[[ PROVIDED MATERIAL open ]]

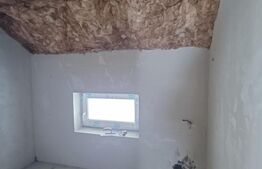 Casa individuala, 155 mp utili, 692 mp teren, Cornesti-Mihai Viteazu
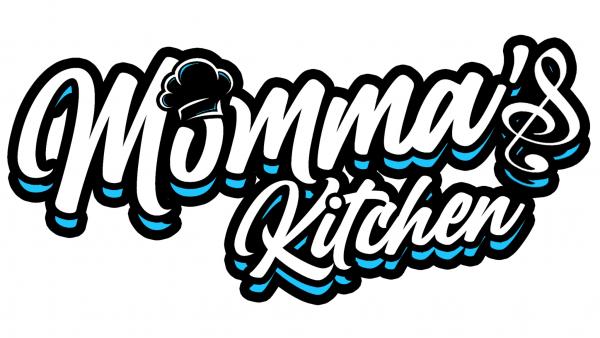 Momma's Kitchen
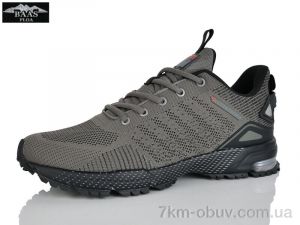 купить Baas M7662-9C оптом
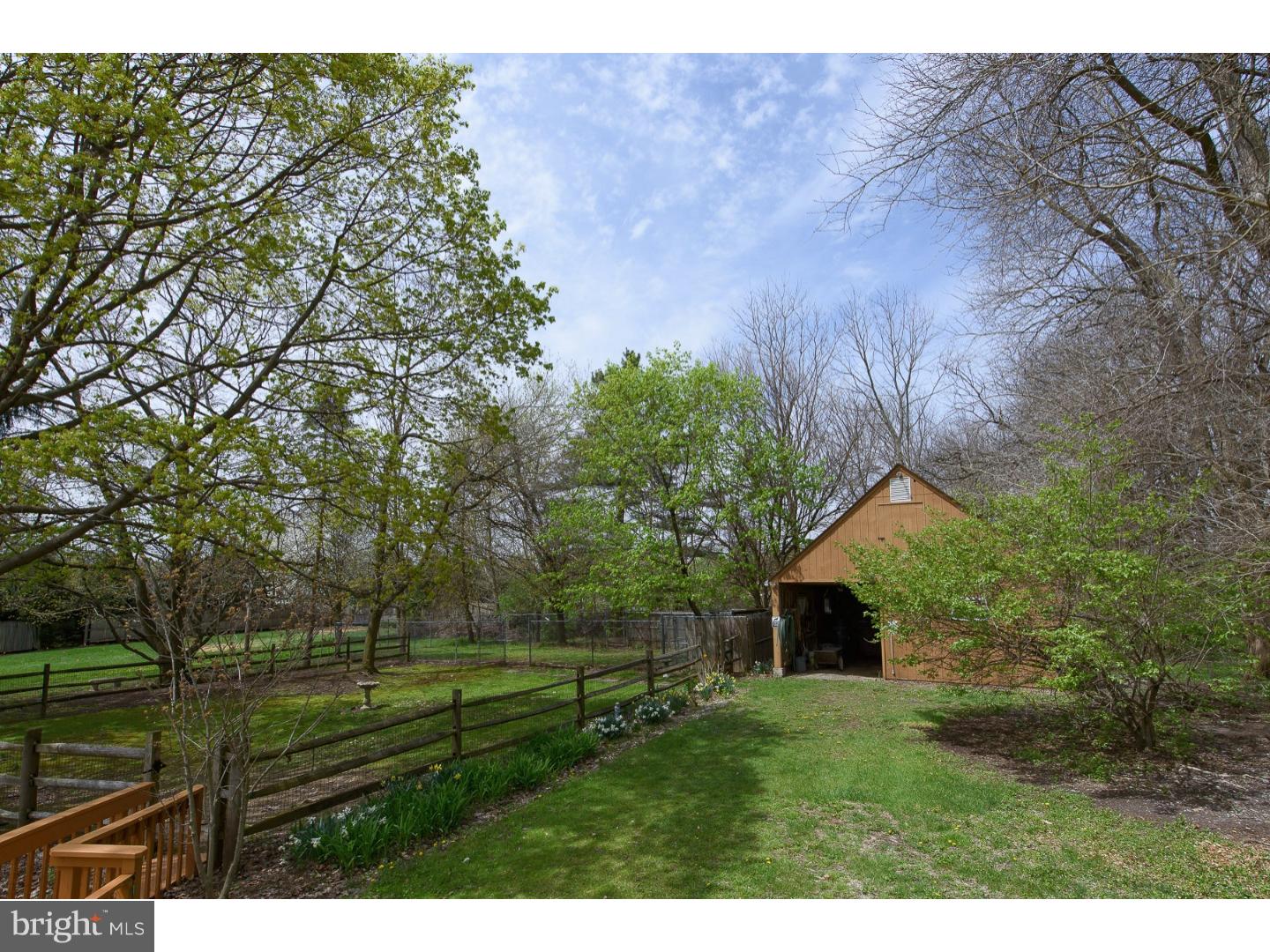 103 Springton Road Glenmoore, PA 19343 - Photo 23 of 24 Gallery Image 23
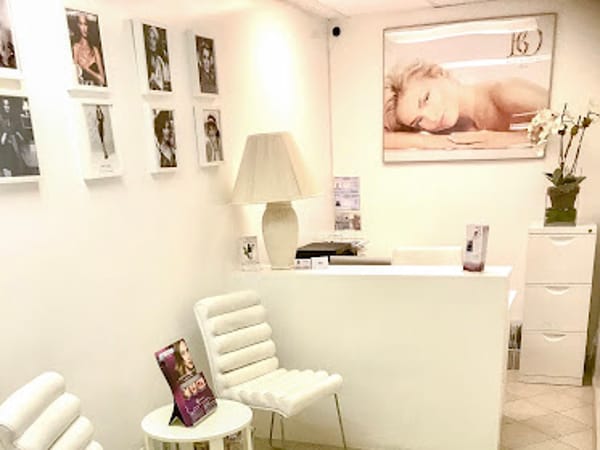 Anand Medical Spa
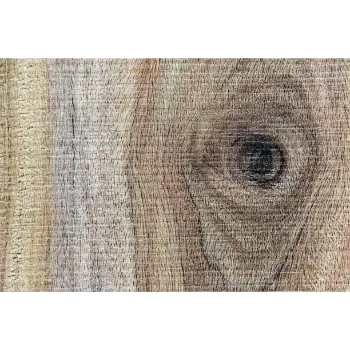 Latest Teak Wood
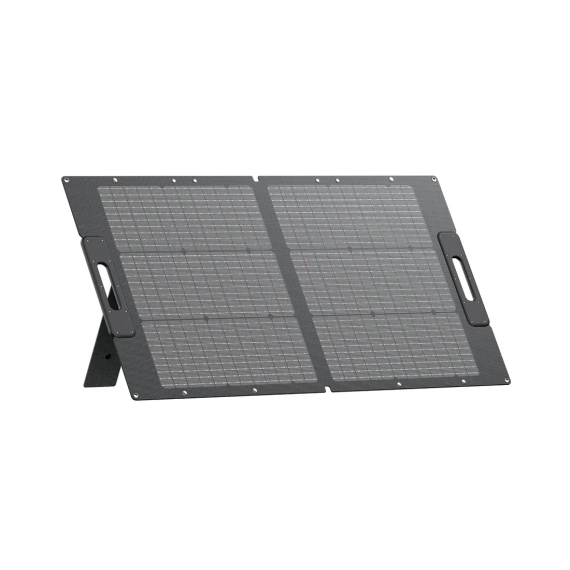 Zestaw solarny Bluetti AC70P + PV100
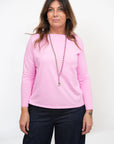 Maglia Vela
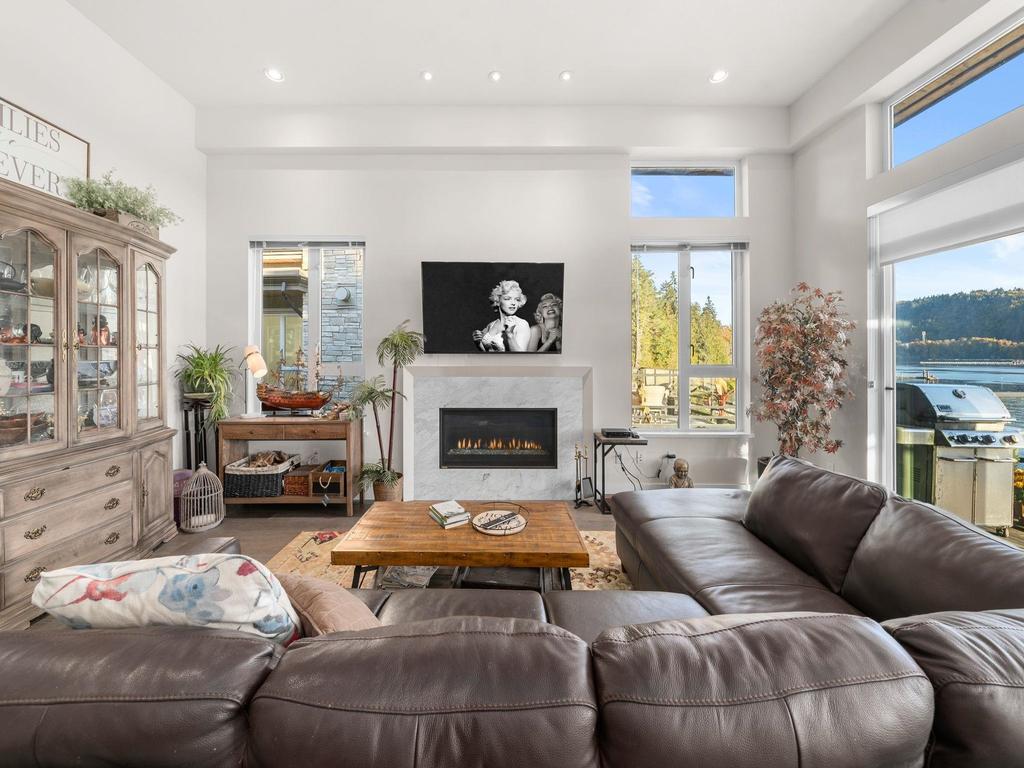 Listing Image for R3086129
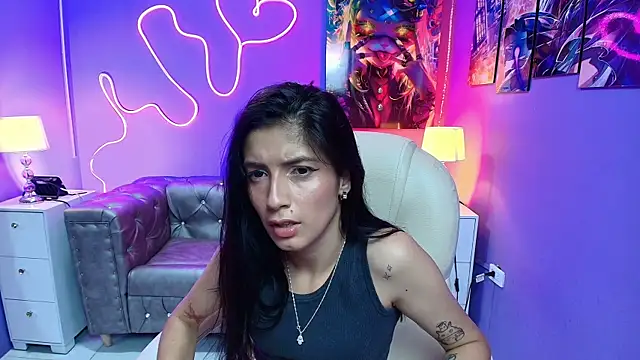 Snapshot of jazminswee chatting on June 2026 07:34:01 PM jazminswee online show from June 2026 07:34:01 PM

[[ PROVIDED MATERIAL closed ]]

== DESCRIPTION OF THE TASK ==
Starting at the line that contains "Momma's Kitchen", reproduce each line exactly through the end of the entries above, leaving every picture out.

== RESULT OF THIS EXERCISE ==
 Momma's Kitchen
 купить Baas M7662-9C оптом
 103 Springton Road Glenmoore, PA 19343 - Photo 23 of 24 Gallery Image 23
 Anand Medical Spa
 Latest Teak Wood
 Zestaw solarny Bluetti AC70P + PV100
 Maglia Vela
 Listing Image for R3086129
 Snapshot of jazminswee chatting on June 2026 07:34:01 PM jazminswee online show from June 2026 07:34:01 PM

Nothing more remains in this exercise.